Segment Start: Entries provided

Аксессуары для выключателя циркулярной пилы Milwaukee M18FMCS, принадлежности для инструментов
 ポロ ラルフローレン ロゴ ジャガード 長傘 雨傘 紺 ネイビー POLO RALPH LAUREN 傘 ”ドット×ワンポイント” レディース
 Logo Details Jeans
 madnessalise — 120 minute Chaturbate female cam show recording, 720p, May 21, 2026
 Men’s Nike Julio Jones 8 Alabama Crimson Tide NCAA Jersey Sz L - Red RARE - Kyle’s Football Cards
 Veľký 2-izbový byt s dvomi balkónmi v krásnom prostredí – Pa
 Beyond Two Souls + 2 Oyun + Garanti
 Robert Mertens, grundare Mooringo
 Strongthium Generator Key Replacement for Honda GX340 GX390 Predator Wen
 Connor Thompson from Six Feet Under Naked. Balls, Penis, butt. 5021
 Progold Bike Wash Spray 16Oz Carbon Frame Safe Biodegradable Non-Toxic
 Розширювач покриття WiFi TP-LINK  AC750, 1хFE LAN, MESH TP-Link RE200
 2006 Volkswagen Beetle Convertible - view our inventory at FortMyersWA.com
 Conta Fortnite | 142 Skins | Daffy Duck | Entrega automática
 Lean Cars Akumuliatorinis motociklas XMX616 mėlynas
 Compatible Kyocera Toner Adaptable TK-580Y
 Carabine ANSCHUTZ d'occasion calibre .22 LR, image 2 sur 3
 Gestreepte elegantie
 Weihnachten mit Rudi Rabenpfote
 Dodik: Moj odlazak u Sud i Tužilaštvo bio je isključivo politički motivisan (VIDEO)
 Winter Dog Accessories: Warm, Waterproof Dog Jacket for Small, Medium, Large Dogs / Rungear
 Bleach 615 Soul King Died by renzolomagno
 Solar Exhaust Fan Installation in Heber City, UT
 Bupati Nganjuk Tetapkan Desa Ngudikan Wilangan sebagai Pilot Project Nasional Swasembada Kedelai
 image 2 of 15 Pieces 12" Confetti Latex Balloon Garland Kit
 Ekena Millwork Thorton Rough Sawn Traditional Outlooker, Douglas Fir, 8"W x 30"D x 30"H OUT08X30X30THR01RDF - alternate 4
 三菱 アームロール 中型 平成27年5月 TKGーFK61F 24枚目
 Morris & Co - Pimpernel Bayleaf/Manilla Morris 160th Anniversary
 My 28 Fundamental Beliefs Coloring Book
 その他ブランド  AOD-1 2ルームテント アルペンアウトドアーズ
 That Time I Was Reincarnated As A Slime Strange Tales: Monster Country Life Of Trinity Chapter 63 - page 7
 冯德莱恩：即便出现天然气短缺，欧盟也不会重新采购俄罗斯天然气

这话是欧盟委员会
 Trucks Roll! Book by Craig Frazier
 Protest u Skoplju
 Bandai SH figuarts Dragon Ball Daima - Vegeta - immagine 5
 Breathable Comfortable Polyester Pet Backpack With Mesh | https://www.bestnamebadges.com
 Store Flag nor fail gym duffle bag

Segment End: Entries provided

Could you restate, word for word, the lines above from the one with "Розширювач покриття WiFi" to the one with "Morris & Co", both included?

## Response area
 Розширювач покриття WiFi TP-LINK  AC750, 1хFE LAN, MESH TP-Link RE200
 2006 Volkswagen Beetle Convertible - view our inventory at FortMyersWA.com
 Conta Fortnite | 142 Skins | Daffy Duck | Entrega automática
 Lean Cars Akumuliatorinis motociklas XMX616 mėlynas
 Compatible Kyocera Toner Adaptable TK-580Y
 Carabine ANSCHUTZ d'occasion calibre .22 LR, image 2 sur 3
 Gestreepte elegantie
 Weihnachten mit Rudi Rabenpfote
 Dodik: Moj odlazak u Sud i Tužilaštvo bio je isključivo politički motivisan (VIDEO)
 Winter Dog Accessories: Warm, Waterproof Dog Jacket for Small, Medium, Large Dogs / Rungear
 Bleach 615 Soul King Died by renzolomagno
 Solar Exhaust Fan Installation in Heber City, UT
 Bupati Nganjuk Tetapkan Desa Ngudikan Wilangan sebagai Pilot Project Nasional Swasembada Kedelai
 image 2 of 15 Pieces 12" Confetti Latex Balloon Garland Kit
 Ekena Millwork Thorton Rough Sawn Traditional Outlooker, Douglas Fir, 8"W x 30"D x 30"H OUT08X30X30THR01RDF - alternate 4
 三菱 アームロール 中型 平成27年5月 TKGーFK61F 24枚目
 Morris & Co - Pimpernel Bayleaf/Manilla Morris 160th Anniversary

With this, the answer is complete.